About this exercise »
Copy all the lines below without altering anything.

Supplied information »
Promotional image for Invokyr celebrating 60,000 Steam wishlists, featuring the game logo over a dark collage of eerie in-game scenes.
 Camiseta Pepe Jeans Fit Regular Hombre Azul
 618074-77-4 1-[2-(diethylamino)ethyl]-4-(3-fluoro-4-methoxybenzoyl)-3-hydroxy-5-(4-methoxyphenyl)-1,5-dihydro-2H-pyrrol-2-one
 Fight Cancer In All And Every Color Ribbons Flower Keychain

Answer to this exercise »
Promotional image for Invokyr celebrating 60,000 Steam wishlists, featuring the game logo over a dark collage of eerie in-game scenes.
 Camiseta Pepe Jeans Fit Regular Hombre Azul
 618074-77-4 1-[2-(diethylamino)ethyl]-4-(3-fluoro-4-methoxybenzoyl)-3-hydroxy-5-(4-methoxyphenyl)-1,5-dihydro-2H-pyrrol-2-one
 Fight Cancer In All And Every Color Ribbons Flower Keychain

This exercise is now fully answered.